- Country: United States;
- Location: Scurry County;
- Coordinates: 32°51′50″N 100°58′30″W﻿ / ﻿32.8639°N 100.975°W
- Status: Operational
- Commission date: 2017;
- Construction cost: $493.4 million (2017);

Wind farm
- Type: Onshore;
- Rotor diameter: 116 m (381 ft);

Power generation
- Nameplate capacity: 253 MW;
- Capacity factor: 44.67 %;
- Annual net output: 990,097 MW h (2019);

= Amazon Wind Farm Texas =

Wind farm in Texas, United States

Amazon Wind Farm Texas is a 253 megawatt wind farm in Scurry County, Texas. The farm opened in late 2017, and consists of 110 turbines, which together generate approximately 1,000 gigawatt-hours of electricity annually, enough to power approximately 90,000 US homes.

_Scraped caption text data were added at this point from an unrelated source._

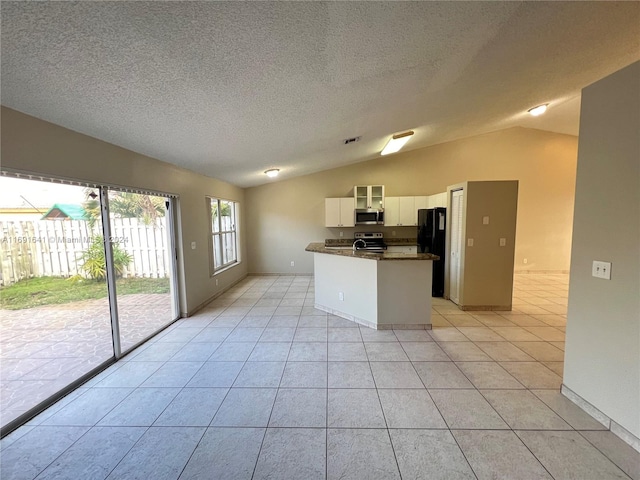 kitchen featuring appliances with stainless steel finishes, a textured ceiling, light tile patterned floors, white cabinets, and vaulted ceiling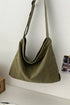 Olive canvas crossbody shoulder bag hanging on a white wall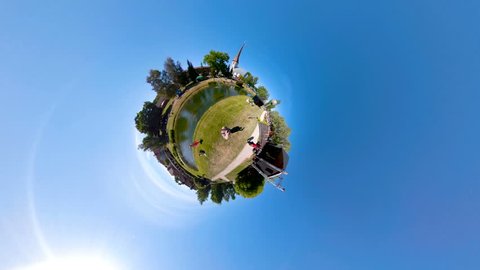 A panoramic little planet scene of the people in the park playing with the zorb ball with the trees on the side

On October 19, 2017, Jeff Bezos, the founder of Amazon, christened the wind farm by smashing a champagne bottle while standing on top of one of the 300 feet tall turbines. In a statement, Amazon revealed that it has entered into an agreement to purchase 90 percent of the facility's output. The facility was built by Lincoln Clean Energy, now part of Ørsted, which also owns and operates the wind farm. This facility is one example of Amazon's large and increasing long-term investment in renewable energy.

The wind farm, which is a few miles from the ghost town of Dermott, is called Dermott Wind in Energy Information Administration and Electric Reliability Council of Texas sources.